Part of this war of ideas is an attempt to justify a Palestinians right
of full return and thus, the elimination of the stain on Arab honor of a
separate non-Arab national group regaining independence from the Arab conqueror
of old.
In
my previous blog (Benjamin
Netanyahu and the failure of Leadership) I tried to explain the failures within
Benjamin Netanyahu’s leadership, primarily in the area of identity. Identity is of pivotal importance if we want
to create a healthy society. It governs
our self-image. We grow, according to
the attributes that we collect along our life’s journey. Our sense of comforting familiarity provides
the continuity we mostly crave in our everyday life. So while different facets define us, in their
overlapping layers they create us in terms of personal, group and national
identity.
Your
religion is your heritage, or your faith, or both these things. Because it is central to the identity of most
people it is a deeply personal and highly sensitive area of identification. No-one
has the right to define who is a Jew, or by the same logic, no-one can tell me
that yearning for either a spiritual or a physical Jerusalem is at best
misplaced or at worse, geographically invalidated because of some theologically
Supersessionist, racist ideology.
No-one
has the right to attempt to delegitimize my history by relocating it or by
deciding that only a non-Jew has the right to define for Jews, the location of
their biblical temple. It is
however, a common tactic of Palestinians and their widening circle of
supporters throughout the world.
We
can argue and scream over the top of each other without ever truly listening to
what the other person says. Legitimacy,
accuracy, validity - theological arguments are endowed with emotion but they do
not come to us endowed with verifiable facts.
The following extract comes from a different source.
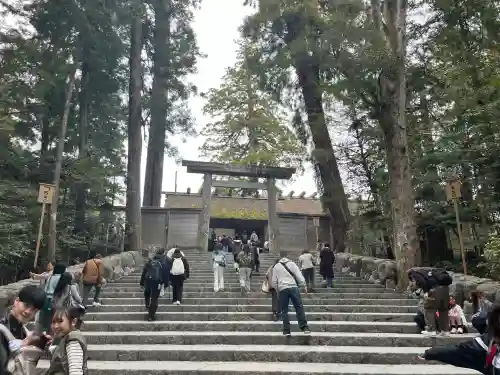 伊勢神宮内宮（皇大神宮）の{uncategorized: "未分類", other: "その他", undefined: "問題あり", building: "その他建物", grave: "お墓", sacred_gate: "鳥居", guardian: "狛犬", statue: "像", buddha: "仏像", history: "歴史", nature: "自然", garden: "庭園", animal: "動物", pagoda: "塔", temizu: "手水舎", mountain_gate: "山門・神門", sanctuary: "本殿・本堂", subordinate: "末社・摂社", art: "芸術", scenery: "景色", jizo: "地蔵", ema: "絵馬", goshuin: "御朱印", omikuji: "おみくじ", items: "授与品その他", amulet: "お守り", goshuincho: "御朱印帳", eats: "食事", festival: "お祭り", votive_dance: "神楽", shichigosan: "七五三参", wedding: "結婚式", experience: "体験その他", initially: "初詣", around: "周辺", anti_infection: "感染症対策"}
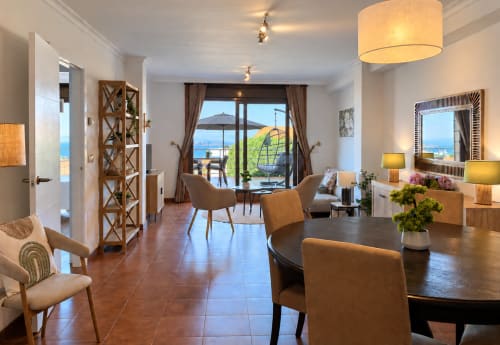 Apartamento Dourada en Baiona con luminosa sala de estar con vistas al mar, mobiliario moderno y acceso a terraza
So in the final analysis, all historical debate is meaningless when it
comes to discussing issues of faith because faith is belief; it is not based on
physical evidence. It follows on from
this that if there are red lines, no single faith can define them for everyone
else otherwise all religious dogma is open to debate on its authenticity,
irrespective of time-line.
Religion,
defined as cultural or ritual, is part of our identity, whether it is in
opposition to religious ritual or defined by it. It makes arguments against legitimacy put
forward by Jews themselves, Presbyterian Churches, Muslims, and ‘progressives’ wholly
illegitimate, by virtue of their prototypical, prejudiced reasoning.
In a secular state,
national identity is limited by its secular borders. In
Israel
the ultra-orthodox establishment defines who is a Jew. That is contrary to the health of the secular
nation. The US Presbyterian Assembly (the
largest Presbyterian denomination in the U.S.) declared when it signed the
hateful Kairos Palestine document that Judaism was superseded. To logically extend this argument, Judaism is
not a legitimate faith – which means that Jewish faith communities are likewise
illegitimate. The intent was to identify
any Jewish aspirations for living in the Land of Israel
as wholly insupportable. But its global
genocidal potential can not have been missed by Israel’s enemies. In both of these cases organized communities
arrogated to themselves the right to deny others an identity of their choosing;
a human right they denied to no other community.
The
Arab world view is based on an exclusive Arab identity. As Lee Smith explains
in his book ‘The Strong Horse: Power, Politics and the Clash of Arab Civilizations,’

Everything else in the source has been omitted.